Only some lines are wanted. Transcribe, exactly, the lines below from the line with "adidas Adizero Boston" up to and including the line with "Merry Christmas, colorful".

- **DATASET EXTRACT**
----------------

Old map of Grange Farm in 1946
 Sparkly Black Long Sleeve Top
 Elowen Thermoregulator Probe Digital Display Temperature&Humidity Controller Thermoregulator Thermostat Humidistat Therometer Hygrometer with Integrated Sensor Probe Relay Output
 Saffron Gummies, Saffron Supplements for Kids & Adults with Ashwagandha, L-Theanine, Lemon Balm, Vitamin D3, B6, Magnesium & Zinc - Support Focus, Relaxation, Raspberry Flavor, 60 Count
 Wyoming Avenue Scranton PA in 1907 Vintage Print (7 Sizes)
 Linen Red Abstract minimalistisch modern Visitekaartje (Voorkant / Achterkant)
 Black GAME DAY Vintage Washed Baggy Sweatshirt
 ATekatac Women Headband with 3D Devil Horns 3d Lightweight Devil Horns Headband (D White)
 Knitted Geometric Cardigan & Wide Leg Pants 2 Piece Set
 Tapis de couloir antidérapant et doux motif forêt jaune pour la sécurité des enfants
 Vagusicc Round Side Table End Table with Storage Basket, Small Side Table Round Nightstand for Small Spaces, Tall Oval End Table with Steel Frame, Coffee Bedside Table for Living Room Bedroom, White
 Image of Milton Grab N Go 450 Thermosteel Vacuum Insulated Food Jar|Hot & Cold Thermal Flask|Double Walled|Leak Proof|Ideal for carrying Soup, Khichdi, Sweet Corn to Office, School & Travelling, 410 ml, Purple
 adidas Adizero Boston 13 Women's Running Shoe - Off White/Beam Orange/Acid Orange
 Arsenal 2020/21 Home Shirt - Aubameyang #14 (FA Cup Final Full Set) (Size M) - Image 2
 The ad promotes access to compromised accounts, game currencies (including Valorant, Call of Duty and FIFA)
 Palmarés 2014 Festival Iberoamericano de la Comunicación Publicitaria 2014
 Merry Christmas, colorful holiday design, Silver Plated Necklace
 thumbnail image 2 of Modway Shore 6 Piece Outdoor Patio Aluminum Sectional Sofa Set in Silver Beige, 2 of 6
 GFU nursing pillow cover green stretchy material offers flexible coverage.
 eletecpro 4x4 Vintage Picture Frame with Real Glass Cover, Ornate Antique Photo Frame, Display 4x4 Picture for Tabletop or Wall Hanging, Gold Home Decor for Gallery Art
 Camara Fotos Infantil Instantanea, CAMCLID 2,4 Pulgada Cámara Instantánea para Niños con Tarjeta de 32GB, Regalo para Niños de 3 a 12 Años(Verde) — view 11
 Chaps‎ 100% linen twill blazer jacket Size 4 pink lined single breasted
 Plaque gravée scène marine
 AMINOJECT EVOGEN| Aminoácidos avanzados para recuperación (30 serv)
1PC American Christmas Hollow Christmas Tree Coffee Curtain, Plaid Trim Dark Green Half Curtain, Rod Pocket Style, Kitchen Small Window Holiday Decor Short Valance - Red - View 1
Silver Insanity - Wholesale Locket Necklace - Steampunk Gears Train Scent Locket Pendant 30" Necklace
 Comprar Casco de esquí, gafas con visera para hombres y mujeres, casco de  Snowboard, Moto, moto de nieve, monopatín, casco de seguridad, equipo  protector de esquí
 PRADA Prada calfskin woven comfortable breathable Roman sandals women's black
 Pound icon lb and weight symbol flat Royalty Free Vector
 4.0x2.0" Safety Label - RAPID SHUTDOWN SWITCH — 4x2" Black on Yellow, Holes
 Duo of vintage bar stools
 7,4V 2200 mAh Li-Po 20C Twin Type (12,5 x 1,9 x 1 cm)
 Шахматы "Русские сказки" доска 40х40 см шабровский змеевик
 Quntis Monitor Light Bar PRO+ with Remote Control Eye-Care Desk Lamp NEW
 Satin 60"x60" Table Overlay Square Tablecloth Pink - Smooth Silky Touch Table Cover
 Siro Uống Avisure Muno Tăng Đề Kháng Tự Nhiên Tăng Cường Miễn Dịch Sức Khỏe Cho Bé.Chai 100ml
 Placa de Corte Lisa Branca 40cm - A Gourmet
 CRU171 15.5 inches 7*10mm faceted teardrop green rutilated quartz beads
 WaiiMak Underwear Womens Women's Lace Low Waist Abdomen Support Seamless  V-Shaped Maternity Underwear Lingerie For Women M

----------------

- **TASK OUTPUT**
 adidas Adizero Boston 13 Women's Running Shoe - Off White/Beam Orange/Acid Orange
 Arsenal 2020/21 Home Shirt - Aubameyang #14 (FA Cup Final Full Set) (Size M) - Image 2
 The ad promotes access to compromised accounts, game currencies (including Valorant, Call of Duty and FIFA)
 Palmarés 2014 Festival Iberoamericano de la Comunicación Publicitaria 2014
 Merry Christmas, colorful holiday design, Silver Plated Necklace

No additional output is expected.